Triage

Triage

Written by Bengt Widgren, Senior Consultant, Medical Doctor.

Updated 2019-03-08


Most triage or decision support contains some form of primary sorting of patients with different needs for emergency care where the division is based on different scales that indicate the calculated/assessed current medical risk of waiting for medical assessment of the doctor or medical measure.

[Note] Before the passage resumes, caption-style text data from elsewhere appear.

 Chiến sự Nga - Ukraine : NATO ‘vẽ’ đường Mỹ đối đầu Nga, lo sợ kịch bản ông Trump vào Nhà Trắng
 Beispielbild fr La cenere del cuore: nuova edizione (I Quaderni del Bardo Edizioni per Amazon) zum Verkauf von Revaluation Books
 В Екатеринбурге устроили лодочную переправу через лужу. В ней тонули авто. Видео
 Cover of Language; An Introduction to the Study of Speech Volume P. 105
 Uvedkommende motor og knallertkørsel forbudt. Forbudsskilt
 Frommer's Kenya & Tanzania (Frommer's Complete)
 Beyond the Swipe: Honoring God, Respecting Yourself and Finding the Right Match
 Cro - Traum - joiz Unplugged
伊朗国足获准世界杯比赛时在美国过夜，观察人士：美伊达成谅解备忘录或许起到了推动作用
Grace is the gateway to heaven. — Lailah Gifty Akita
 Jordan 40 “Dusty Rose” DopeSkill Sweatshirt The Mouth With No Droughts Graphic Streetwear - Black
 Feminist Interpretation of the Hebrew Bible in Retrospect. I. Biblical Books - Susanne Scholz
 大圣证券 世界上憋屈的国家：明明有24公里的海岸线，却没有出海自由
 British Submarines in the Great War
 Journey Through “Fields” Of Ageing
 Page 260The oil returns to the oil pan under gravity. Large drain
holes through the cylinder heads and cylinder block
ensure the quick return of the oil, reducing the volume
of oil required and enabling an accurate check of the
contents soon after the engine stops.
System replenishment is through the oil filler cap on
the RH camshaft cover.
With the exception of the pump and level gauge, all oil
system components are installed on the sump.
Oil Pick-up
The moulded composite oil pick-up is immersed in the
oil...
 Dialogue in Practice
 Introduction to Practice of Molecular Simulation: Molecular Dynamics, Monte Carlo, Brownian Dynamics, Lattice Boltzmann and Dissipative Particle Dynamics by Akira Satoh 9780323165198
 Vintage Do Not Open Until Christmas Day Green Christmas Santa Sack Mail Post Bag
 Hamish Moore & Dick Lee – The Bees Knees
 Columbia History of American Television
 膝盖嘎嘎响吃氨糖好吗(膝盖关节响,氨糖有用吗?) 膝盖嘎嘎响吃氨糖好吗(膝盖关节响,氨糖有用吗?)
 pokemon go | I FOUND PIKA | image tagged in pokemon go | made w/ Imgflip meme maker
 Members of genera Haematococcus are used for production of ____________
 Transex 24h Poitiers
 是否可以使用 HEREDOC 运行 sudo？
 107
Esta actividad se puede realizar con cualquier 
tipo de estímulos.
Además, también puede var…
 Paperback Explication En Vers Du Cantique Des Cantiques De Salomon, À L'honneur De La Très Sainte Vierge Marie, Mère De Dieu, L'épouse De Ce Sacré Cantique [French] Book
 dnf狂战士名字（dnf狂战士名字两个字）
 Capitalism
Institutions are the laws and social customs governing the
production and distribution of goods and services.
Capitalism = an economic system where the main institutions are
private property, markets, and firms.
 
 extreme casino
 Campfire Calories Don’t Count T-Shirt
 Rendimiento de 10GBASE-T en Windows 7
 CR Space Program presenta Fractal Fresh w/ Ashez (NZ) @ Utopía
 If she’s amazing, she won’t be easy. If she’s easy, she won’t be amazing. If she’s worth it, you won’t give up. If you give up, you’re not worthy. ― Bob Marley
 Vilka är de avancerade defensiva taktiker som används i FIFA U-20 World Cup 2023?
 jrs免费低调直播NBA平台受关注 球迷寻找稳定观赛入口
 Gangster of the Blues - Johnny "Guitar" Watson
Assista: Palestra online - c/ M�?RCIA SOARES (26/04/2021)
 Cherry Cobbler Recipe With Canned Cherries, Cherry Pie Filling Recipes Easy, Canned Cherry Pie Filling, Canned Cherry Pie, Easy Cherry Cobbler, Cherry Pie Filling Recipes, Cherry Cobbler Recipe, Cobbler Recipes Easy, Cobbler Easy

In the decision supporting instrument RETTS, there is a triage module as well as a module that aims to give a recommendation on how care processes should be controlled from a medical safety perspective. The medical responsibility for diagnosis and treatment lies with the individual and medical officer in any given situation.

Vital Parameter Algorithm

The triage module in RETTS consists of several steps where the first step is to obtain an objective picture of the patient’s condition in the form of a direct medical physical examination according to an algorithm which intends to capture signs of failure in one or more organ systems. This is called in the RETTS vital parameter algorithm (VP) and intends to provide an image of A + B respiratory and C, circulatory organs function, D, degree of alertness (CNS) and also E, body temperature. Measurement, assessment and control of VP should be performed simultaneously with capturing a structured history based on the current primary and main search cause. At the same time as a brief history of current search cause, the history is supplemented by a number of yes/no issues concerning conditions with known increased co-morbidity (at the same time sickness), such as known cardiovascular disease, diabetes, kidney failure, liver failure etc. These conditions were included for in something called Charlsons co-morbidity index and means that if the patient brings these diagnoses/conditions into emergency care, the patient has a higher risk of both morbidity and mortality than those who lack these diagnoses/conditions. The idea is that this process forms the basis for a structured documentation.

RETTS Score

In RETTS VP, from 2019 there is also a scoring system (RETTS Score) inserted which, together with the priority color, also gives a score that separates the patients within each color from each other in a clearer way. RETTS Score can also be used inside the hospital’s departments. Other systems do not differ significantly from RETTS VP. It is especially important in the priority groups where the most difficult sickness ports. The RETTS Score indicates the medical complexity while the medical priority color or level indicates the individual medical risk involved. One can imagine that in the emergency room there are 12 patients with medical priority Orange. There is often a problem with how the capacity is to be distributed within the prio group. Then you take help of the score and secondary-prioritize based on the highest score in a systematic way. Everyone with priority Orange has the same priority and resembled medical risk, but sometimes differs slightly from each other regarding the medical complexity.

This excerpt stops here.